Lalu siapa yang bertanggung jawab? Ulama,
Niniak Mamak, Pemangku Kekuasaan dan kita semua. Namun disini, kita
menyorot kinerja Gubernur Sumatera Barat, sampai sejauh mana
langkah-langkah antisipatif dan preventif dilakukan? Sejauh mana
ketegasannya selama berkuasa dalam memberantas hal tersebut? Ini jadi
pertanyaan besar. Jangan lagi bersembunyi dibalik otonomi daerah untuk
bertindak tegas. Ini ranah minang sedang darurat moral.

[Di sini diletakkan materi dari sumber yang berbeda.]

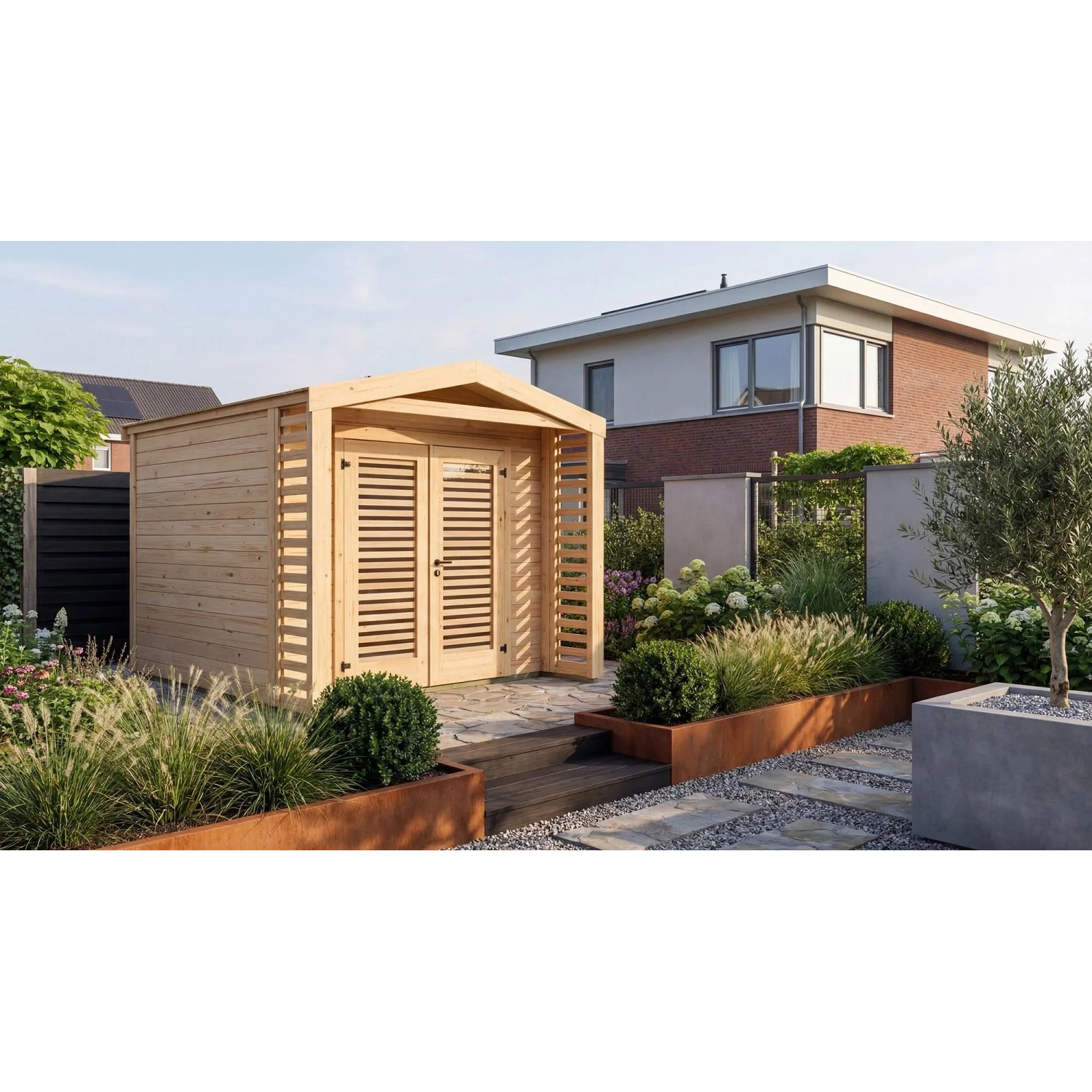 Weka Holz-Gartenhaus Killarney Satteldach Natur Unbehandelt 261 cm x 313 cm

Pun, Walikota Padang yang baru, ditantang
dengan hal serupa, mampukah melenyapkan prostitusi di Padang. Jangan
sampai kalah dengan walikota sebelumnya, meskipun tak dilenyapkan
semuanya. Minimal, jalan-jalan di daerah taman budaya sudah terang, ada
Satpol PP yang berjaga-jaga di sana, siapa yang kedapatan sedang
“manggaleh” langsung saja “dicokok”, begitu pula di Bukit Lampu, dirikan
saja Posko Pol PP di sana, biar bisa razia setiap hari.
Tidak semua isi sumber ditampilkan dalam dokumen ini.